GIVEN DATA: Begin

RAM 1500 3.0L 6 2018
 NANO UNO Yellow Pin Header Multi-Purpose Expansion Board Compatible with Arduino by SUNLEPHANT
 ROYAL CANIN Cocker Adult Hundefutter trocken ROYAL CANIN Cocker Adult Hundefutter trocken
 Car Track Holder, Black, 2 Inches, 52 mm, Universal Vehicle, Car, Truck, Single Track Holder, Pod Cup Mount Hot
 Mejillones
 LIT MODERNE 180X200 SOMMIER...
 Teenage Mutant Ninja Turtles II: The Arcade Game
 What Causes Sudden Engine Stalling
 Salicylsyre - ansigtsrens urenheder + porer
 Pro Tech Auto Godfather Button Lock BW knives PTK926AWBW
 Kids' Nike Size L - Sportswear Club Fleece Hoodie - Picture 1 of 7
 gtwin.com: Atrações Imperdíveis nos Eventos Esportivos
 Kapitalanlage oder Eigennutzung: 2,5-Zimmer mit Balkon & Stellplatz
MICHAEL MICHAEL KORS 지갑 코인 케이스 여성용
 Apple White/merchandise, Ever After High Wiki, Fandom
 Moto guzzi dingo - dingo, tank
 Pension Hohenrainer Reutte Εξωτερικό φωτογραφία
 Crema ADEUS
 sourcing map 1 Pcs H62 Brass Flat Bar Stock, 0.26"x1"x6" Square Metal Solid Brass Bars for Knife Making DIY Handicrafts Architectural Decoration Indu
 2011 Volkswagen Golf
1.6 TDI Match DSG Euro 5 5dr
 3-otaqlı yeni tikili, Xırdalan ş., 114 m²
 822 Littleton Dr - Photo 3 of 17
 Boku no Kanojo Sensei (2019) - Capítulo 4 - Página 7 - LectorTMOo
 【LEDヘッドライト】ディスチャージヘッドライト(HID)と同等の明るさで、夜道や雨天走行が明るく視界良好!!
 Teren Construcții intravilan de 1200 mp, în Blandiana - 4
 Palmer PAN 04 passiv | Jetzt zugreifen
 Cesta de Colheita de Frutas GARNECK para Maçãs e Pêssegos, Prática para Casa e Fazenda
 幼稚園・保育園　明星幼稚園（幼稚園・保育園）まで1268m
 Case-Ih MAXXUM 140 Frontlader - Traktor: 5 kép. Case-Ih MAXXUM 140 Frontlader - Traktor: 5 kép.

GIVEN DATA: End

Only a verbatim transcription of the lines from the one containing "Salicylsyre - ansigtsrens urenheder + porer" through the last line of the records counts as the answer.

## COMPLETED TASK:
 Salicylsyre - ansigtsrens urenheder + porer
 Pro Tech Auto Godfather Button Lock BW knives PTK926AWBW
 Kids' Nike Size L - Sportswear Club Fleece Hoodie - Picture 1 of 7
 gtwin.com: Atrações Imperdíveis nos Eventos Esportivos
 Kapitalanlage oder Eigennutzung: 2,5-Zimmer mit Balkon & Stellplatz
MICHAEL MICHAEL KORS 지갑 코인 케이스 여성용
 Apple White/merchandise, Ever After High Wiki, Fandom
 Moto guzzi dingo - dingo, tank
 Pension Hohenrainer Reutte Εξωτερικό φωτογραφία
 Crema ADEUS
 sourcing map 1 Pcs H62 Brass Flat Bar Stock, 0.26"x1"x6" Square Metal Solid Brass Bars for Knife Making DIY Handicrafts Architectural Decoration Indu
 2011 Volkswagen Golf
1.6 TDI Match DSG Euro 5 5dr
 3-otaqlı yeni tikili, Xırdalan ş., 114 m²
 822 Littleton Dr - Photo 3 of 17
 Boku no Kanojo Sensei (2019) - Capítulo 4 - Página 7 - LectorTMOo
 【LEDヘッドライト】ディスチャージヘッドライト(HID)と同等の明るさで、夜道や雨天走行が明るく視界良好!!
 Teren Construcții intravilan de 1200 mp, în Blandiana - 4
 Palmer PAN 04 passiv | Jetzt zugreifen
 Cesta de Colheita de Frutas GARNECK para Maçãs e Pêssegos, Prática para Casa e Fazenda
 幼稚園・保育園　明星幼稚園（幼稚園・保育園）まで1268m
 Case-Ih MAXXUM 140 Frontlader - Traktor: 5 kép. Case-Ih MAXXUM 140 Frontlader - Traktor: 5 kép.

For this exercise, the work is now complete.